■ **Prompt**: Return only that part of the material below which starts with the line containing "2026 BMW X5" and goes on through the line containing "Wilson Staff Model", restated exactly.

■ **Dataset entries**:
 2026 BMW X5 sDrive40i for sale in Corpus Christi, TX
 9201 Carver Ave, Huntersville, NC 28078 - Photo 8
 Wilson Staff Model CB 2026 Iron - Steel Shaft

==

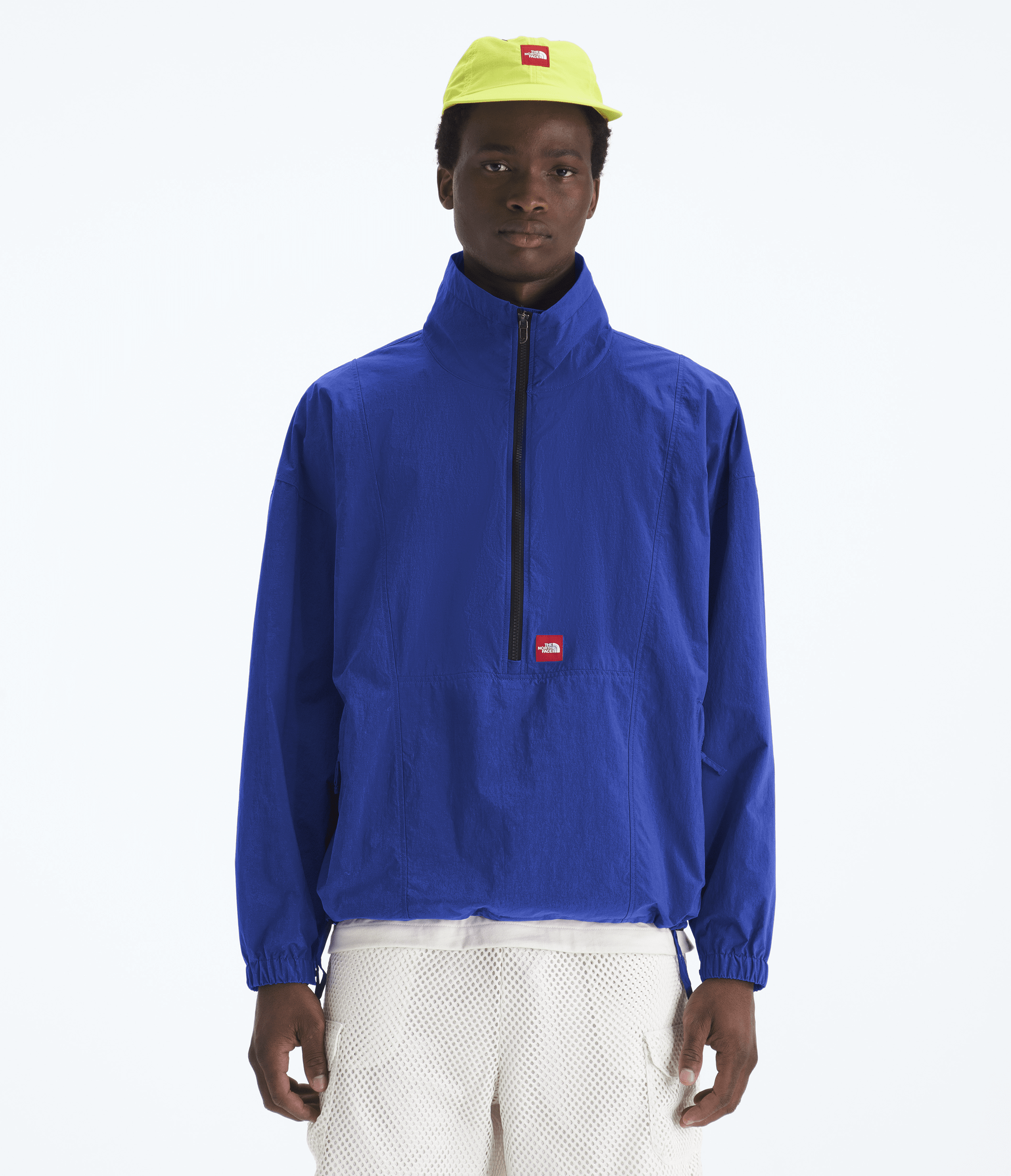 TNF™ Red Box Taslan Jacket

■ **Solution for this exercise**:
 2026 BMW X5 sDrive40i for sale in Corpus Christi, TX
 9201 Carver Ave, Huntersville, NC 28078 - Photo 8
 Wilson Staff Model CB 2026 Iron - Steel Shaft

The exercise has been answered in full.